Гогот говорит, что я не ошибся.
- Ах вы, ироды! – громкий женский голос отвлекает не только меня. – Уж я вам! Уж я Евдокии Путятичне всё-то расскажу… ишь ты… совсем страх потеряли…
А вот такого я не помню.
В упор.
То, как били меня за старым сараем, помню распрекрасно. И запах навоза, в который как-то запихали смеху ради. Что поделать, развлечений в приюте было не так и много.
И боль в сломанной руке.
Пальцы до конца жизни не восстановили подвижность. Ничего. Научился писать левой. Худо-бедно, а большего сироте не нужно. И Ленка вон писаное понимала.
Дурак я…
- Ишь ты, - меня подняли. – Вставай, болезный… вставай… крепко тебя. Идти-то можешь?

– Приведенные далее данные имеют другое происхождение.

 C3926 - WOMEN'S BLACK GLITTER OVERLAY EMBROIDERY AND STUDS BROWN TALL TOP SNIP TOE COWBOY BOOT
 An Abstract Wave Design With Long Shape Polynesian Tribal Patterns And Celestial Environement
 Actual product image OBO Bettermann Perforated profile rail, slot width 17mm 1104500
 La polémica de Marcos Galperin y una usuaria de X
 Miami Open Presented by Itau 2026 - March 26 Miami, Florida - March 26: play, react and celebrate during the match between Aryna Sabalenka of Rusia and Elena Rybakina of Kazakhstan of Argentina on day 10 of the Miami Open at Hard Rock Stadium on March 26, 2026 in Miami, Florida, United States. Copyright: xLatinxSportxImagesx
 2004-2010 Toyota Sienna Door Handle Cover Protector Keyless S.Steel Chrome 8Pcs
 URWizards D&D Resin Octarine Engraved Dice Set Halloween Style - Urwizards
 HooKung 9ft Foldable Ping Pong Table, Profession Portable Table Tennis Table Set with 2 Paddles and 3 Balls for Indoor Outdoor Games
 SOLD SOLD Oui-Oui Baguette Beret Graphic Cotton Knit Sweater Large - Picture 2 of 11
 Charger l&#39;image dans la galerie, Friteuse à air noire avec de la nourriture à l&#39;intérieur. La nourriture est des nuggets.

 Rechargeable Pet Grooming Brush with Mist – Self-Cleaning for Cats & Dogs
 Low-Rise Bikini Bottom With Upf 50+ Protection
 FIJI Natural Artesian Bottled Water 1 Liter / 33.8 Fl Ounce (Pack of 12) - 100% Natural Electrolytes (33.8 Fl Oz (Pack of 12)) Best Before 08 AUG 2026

От женщины пахло тем же навозом, но больше – молоком и свежим хлебом.
- Ничего, перемелется, мука будет… Евдокия Путятична вон деду вашему отписалася. Глядишь, и смилостивится над сиротою-то… чай своя-то кровь – не водица.
Деду?
Какому деду?
Всё-таки на этот раз мне что-то на диво ядрёное вкололи. Или болезнь принялась за остатки мозга? Хорошо, что завещание составил ещё тогда, когда впервые диагноз поставили. И справочку взял о вменяемости, чтоб потом Ленке проще было. А то знаю, стоит подохнуть, так налетят дорогие родственнички, потребуют законную долю… проходили. Правда, когда папаня в последний раз заявился, слезу роняя, я уже крепко семейными узами наученный был, потому и сумел послать, куда надобно, а заодно братика с сестричкой, племянников и прочую, неожиданно многообразную родню.